Citation: 2007 FC 778

OTTAWA, Ontario, July 26, 2007

PRESENT:     The Honourable Max M. Teitelbaum

 

 

BETWEEN:

VENEISHA YOLANDA LEWIS

Applicant

and

 

THE MINISTER OF CITIZENSHIP AND IMMIGRATION

Respondent

 

REASONS FOR JUDGMENT AND JUDGMENT

 

[1]               This is an application for judicial review of a decision of a Pre-Removal Risk Assessment Officer (the Officer) concluding that the Applicant did not face any risk should she be returned to either of her two countries of citizenship, that is Jamaica and Grenada.

FACTS

[2]               The Applicant is 25-years-old and is a Jamaican citizen by birth and a citizen of Grenada though marriage. She is married to a permanent resident of Canada and together they have a Canadian citizen daughter who was born August 8, 2002. She arrived in Canada on June 25, 2001 as a visitor and remained after her status expired.

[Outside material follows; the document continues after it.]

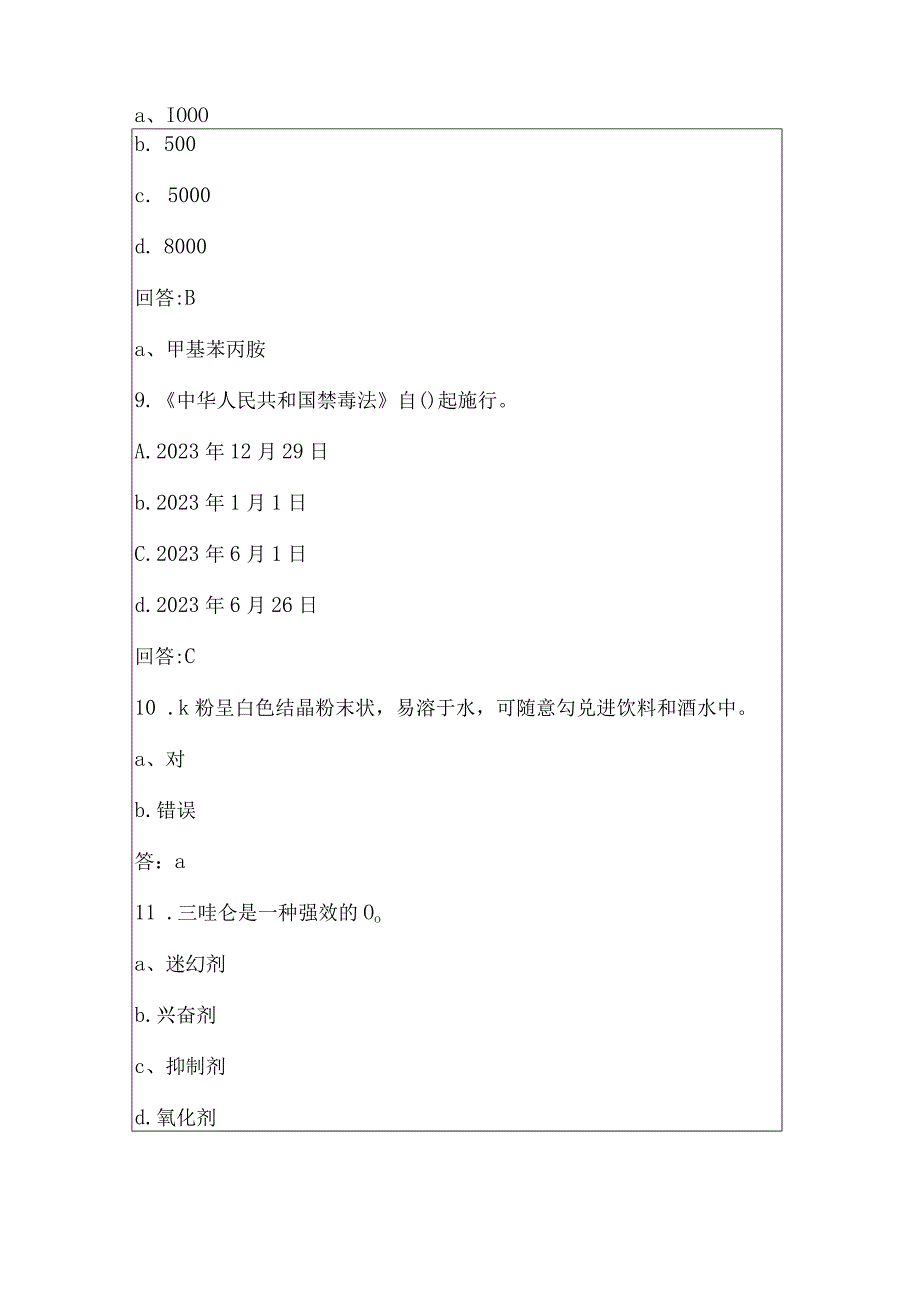 禁毒知识竞赛试题及答案84题.docx_第3页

[3]               The Applicant states that she experienced marital difficulties and that her husband became abusive. On April 2, 2006, the Applicant called the police complaining of assault by her husband.  She told the police that she had hit him back and a police investigation commenced. As a result of the investigation, she came to the attention of Canada Border Services Agency on April 4, 2006 when they were investigating her for abuse of her husband, after she admitted striking him. She and her daughter are currently living separate and apart from her husband.

 

[4]               The present PRRA is the first consideration of the applicant’s risk, as she never had a refugee hearing never having filed a claim for refugee status.

 

[5]               The Applicant claims that she met a boy in Jamaica when she was around 12-years-old and was friends with him.  Six years later she states that she saw him again and they decided to keep in touch.  She claims he tried to commence a relationship, but she told him she was seeing someone else.  He became possessive and she claims he stalked her.  She found out he was the leader of a gang and that he sold crack/cocaine. She states that on one occasion he pulled a knife and put it on her side and that on another occasion he punched her in the face for talking to her school friends.  She did not provide the Officer with the alleged persecutor’s name or the location of the persecution, nor did she report the incidents to the police.

 

 

 

Decision of the PRRA Officer

[6]               The Officer first noted that the Applicant did not identify the country she fears to return to.  However, since the persecutory events identified by the Applicant seem to have taken place during her school days, the Officer expressed her assumption that the Applicant claimed a fear of persecution in Jamaica. This assumption was not countered by the Applicant. The Officer then noted that the Applicant’s story was not provided in the form of affidavit, sworn statement, or a signed letter or note.

 

[7]               The Officer concluded that the Applicant’s actions do not demonstrate a subjective fear for two reasons.  First, the Applicant visited Grenada and then reavailed herself in Jamaica. Second, she did not identify any risk to Canadian authorities for five years.

 

[8]               The Officer than noted that, regardless of any risk that might exist in Jamaica, the Applicant did not identify an agent of harm in Grenada, a country in which she also has citizenship. Nor did she mention how the Jamaican agent of persecution would be able to continue stalking her in Grenada. Thus, the Officer concluded she would be protected in Grenada.  The Officer went so far as to state that even if the Jamaican stalker posed a risk in Grenada, the state would be able to protect the Applicant because women’s access to state protection is not impeded and the willingness of police to investigate and prosecute cases of domestic violence demonstrates that the applicant would be protected.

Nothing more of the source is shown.